バンドの練習に遅刻したり、文句ばかり言っていて、バンド内のやっかいもののような存在になっていたギターのミック・ジョーンズが誰もいないスタジオで「ステイ・フリー」という曲の歌入れをしている。こんな歌詞の歌だ。
「お前と出会ったのは学校だった
誰も俺達のことを相手にしてくれなかった
でも俺達はバカだったわけじゃない
先生は俺達をアホだと言うけれど
俺達は2人で楽しくやっていた
俺達は他のやつらなんて相手にしなかった
俺達は学校を追い出されたけど気にしなかった
週末は一緒にバスに乗って踊りに行ったよな
お前はいつも俺を笑わせてくれたけど、
面倒な喧嘩にも巻き込んでくれた
メンソールのタバコを吸いながら、
一晩中ビリヤードをやったこともあったよな
俺が部屋でギターの練習をしていたとき、
お前はパブで盗みの計画を立てていた
スプレーを盗んで、殴っちゃいけないやつを殴って
お前は3年間刑務所に入ることになった
がんばってお前に手紙は書いたよ
刑務所の中はどうだい? 厳しく絞られてないかい?
出所したら街に繰り出そうよ
お互い燃え殻になるまで盛り上がろうよ
あれから随分年月が流れ、いろいろ変わった
俺は今、やりたいことをやっている
でもあの頃のことを忘れないし、
お前が家に戻ったという話を聞いて、
思わず嬉しくなったときのことも忘れないよ
お前が今どこに住んでいるのか知っているし、
もし今夜、あのパブにいるのなら
俺のおごりで一杯やろうよ
深刻にならないで気楽にな、
自由でいろよ / Stay Free」
歌入れの途中に、やはりやっかいもの扱いされているローディーがスタジオに入ってくる。ミックが歌い終わると、ローディーは思いがけず心を動かされたのを隠すように乱暴に言い放つ。「あんたらしくないな、こんな良い歌を書くなんて」ミックはお前に何が分かるんだというように神妙な表情でローディーを見つめる。

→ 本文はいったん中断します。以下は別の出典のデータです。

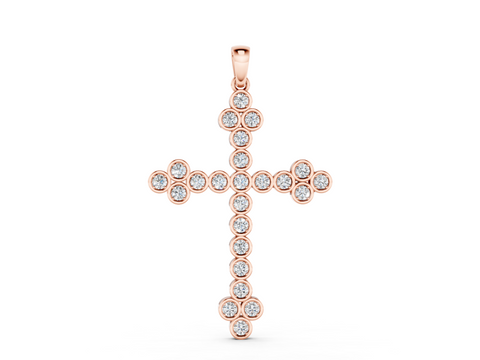 Rose gold Round Diamond Bezel Set Cross Pendant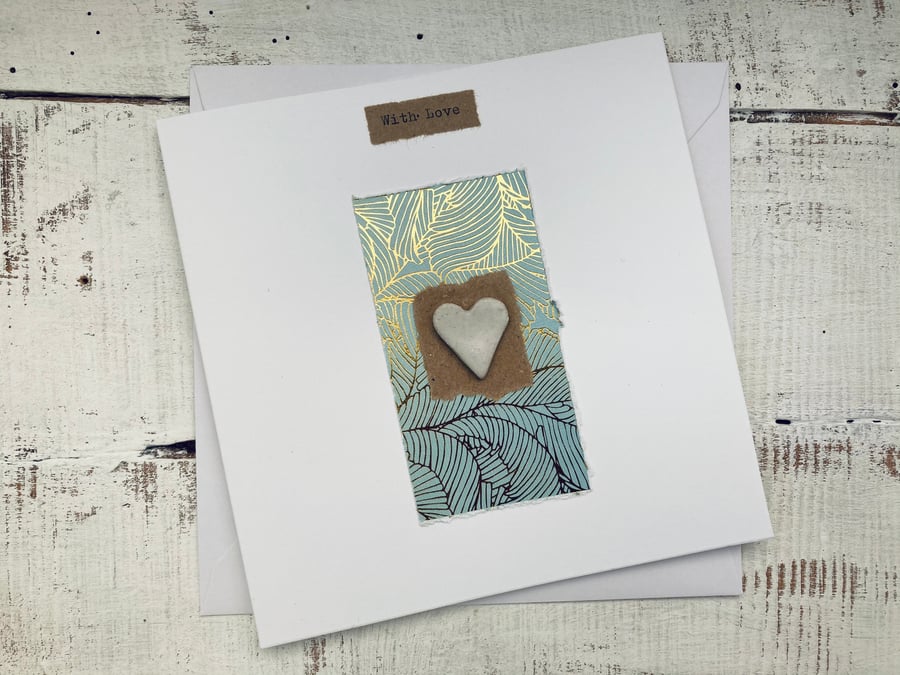 Valentines day card, with love card, ceramic gift card hand made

「ステイ・フリー」は、友情についての歌だ。一緒に思春期のある時期を過ごした友人が、大人になるにつれて別の道を歩くようになる。思春期の頃の濃密な友情に郷愁を抱きながらも、お互いに距離感を保ちながら親愛の気持ちを抱く大人の友情に変わっていく。友人は恋人と違い、心の奥に立ち入りたいとか、相手を独占したいとか、そういった欲求はないから、付き合い方の変化も受け入れながら成立する。
トラベラーズファクトリーを続けて10年が経ち思うのは、ここがお客さんにとっての友人みたいな存在でありたいということ。
友人とは共感や興味、お互いに必要な何かがあることで、人生の中で同じ時間を共有したり、かつてそうした時間を過ごしたことがある存在だ。しばらく離れた期間があっても、会って話をすればいつでも昔の気持ちを思い出すことができる。だけど昔話ばかりではまた疎遠になっていくし、今を共感できればまた同じ時間を共有し続いていく。
トラベラーズファクトリーの10年の間には、ずっと変わらず来てくれるお客様もいるし、新しいお客様もいる。その一方で疎遠になっていくお客様も当然いるし、なんらかの事情で足を運べなくなったお客様もいるかもしれない。だけど、何かのときにふと思い出して、久しぶりに行ってみようかなという方にも、扉を開けて温かく迎えられる場所でありたい。
例えば近所の方がコーヒー豆を買い足すために頻繁にこの場所に来ていただくのも嬉しいし、遠方の方が旅先にある友人の家に久しぶりに訪ねるように、足を運んでいただくのも嬉しい。そして、友人のように一度同じ時間を共有し、記憶のどこかにこの場所の存在が刻まれていたら、その時を懐かしめるような存在でありたい。久しぶりに足を運んで、今も共感できる何かを見つけてもらえたら、友人を訪ねるようにまた遊びに来てもらいたい。
先週、トラベラーズファクトリー10周年記念展の陳列を中目黒の2階で行った。かつてのコラボレーション商品を並んでいるのを改めて眺めると、その作り手たちとの出会いから、共感を深めながらどんなものを作ろうかと話したときのことが蘇ってきた。一度だけのコラボレーションで終わった人たちもいるし、何度もを繰り返している人たちもいる。それぞれのプロダクト眺めながら懐かしく思ったり、久しぶりにまた声をかけてみようと思ったり、今まさに新しい企画が進行していたり、いろいろだけど、みんな僕らにとって友人のような存在だ。これらの友人たちが、お店に新しい友人を導いてくれて10年続けることができた。
コラボレーションは、ある人は興味を持ってくれるかもしれないけど、ある人にとってはそれほど魅力に思わないかもしれない。だけど、そんな緩やかで程よい距離感を保つことができるのも友人ならではの付き合いかもしれない。
しばらくできていないけど、またお気に入りの音楽が流れている心地いい空間でのんびりコーヒーを飲んだりしながら、足を運んでくれた人たちと本やノートなど好きなことの話をしてみたいな。ちなみに、トラベラーズファクトリーが友人ならトラベラーズノートは恋人みたいな存在なのかもしれないですね。